Dr. Rodgers first became involved with IEEE while he was a student at Stanford. Upon learning that IC Lab students and professors as a group had written the most IEEE papers on integrated circuits in the prior year, he started working on a paper. He gave his first paper in 1973 at the International Electron Device Meeting in Washington, D.C. He would go on to win the IEEE Solid State Circuits Conference Best Paper award twice, once in 1975 and again in 1976.
To this day, Dr. Rodgers is still involved with integrated circuits, but his main interest has shifted to lithium‑ion batteries – because the combination of their rudimentary state and high importance reminds him of ICs in the 1970s and 1980s. He is an avid runner, and has sustained his drive and inquisitiveness into his seventh decade of life and still gravitates towards making things work for the first time.
He is also a tad self-deprecating: “I am becoming a dinosaur in Electrical Engineering, because, it has moved so far, so fast. The new students are very smart and very energetic. They know what they want – software, AI, cloud computing,” Dr. Rodgers explains, shedding some light on why he was interested in supporting an endowed fund that will benefit students far into the future.

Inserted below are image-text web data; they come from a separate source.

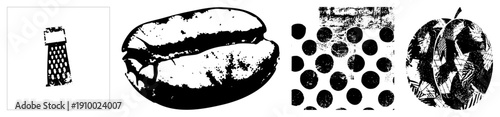 Black and white halftone vector grater, coffee bean, polka dots,. Graphic design elements with textured shading, isolated foregrounds, stylized food and kitchen tools.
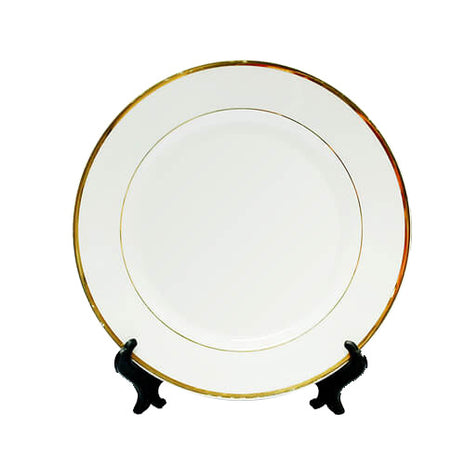 Keramisch bord 18cm gouden randen met standaard voor sublimatie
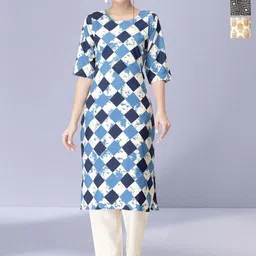 HERE&NOW Selection Of 3 Geometric Printed Round Neck Straight Kurtas-14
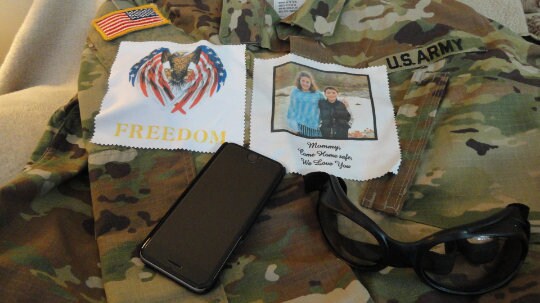 Military Red, White & Blue Eagle American Flag Field Photo Eye Glass Cleaner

Dr. Rodgers is no dinosaur, despite what he might say. After stepping down from Cypress Semiconductor Corporation in 2016, he has since invested in high efficiency solar cells produced by the Complete Solaria Corporation, as well as the renewable energy firm Enphase, the U.S. leader in solar panel microinverters and other tech startups in home fuel cells, photon‑multiplying coatings for solar glass, and connecting farms to the Internet of Things. He holds 20 patents ranging from semiconductors to energy to winemaking. He is also an active speaker, and when asked what he would want the average American to know about his field that had bettered the world, he shared the following:
“For almost all my life, American cars got just 8 miles per gallon. You could smell the raw gasoline in their exhaust. Today, the average car gets 35 miles per gallon, and the best ones get over 50 miles per gallon. The first time I drove into Silicon Valley on Highway 101 in 1969, I came into a huge brown cloud that covered San Francisco Bay. But that is gone now. Cars have more power, better gas mileage, and produce just a tiny fraction of the pollution because chips control their engines. Integrated circuits control the timing of the spark plug and fuel injector, and temperature and pressure sensors constantly optimize engine performance.” explains Dr. Rodgers, “making today’s automobiles both clean and high performing. And now, electric cars, made by Tesla in Silicon Valley, are making transportation cleaner yet – and a lot less expensive.”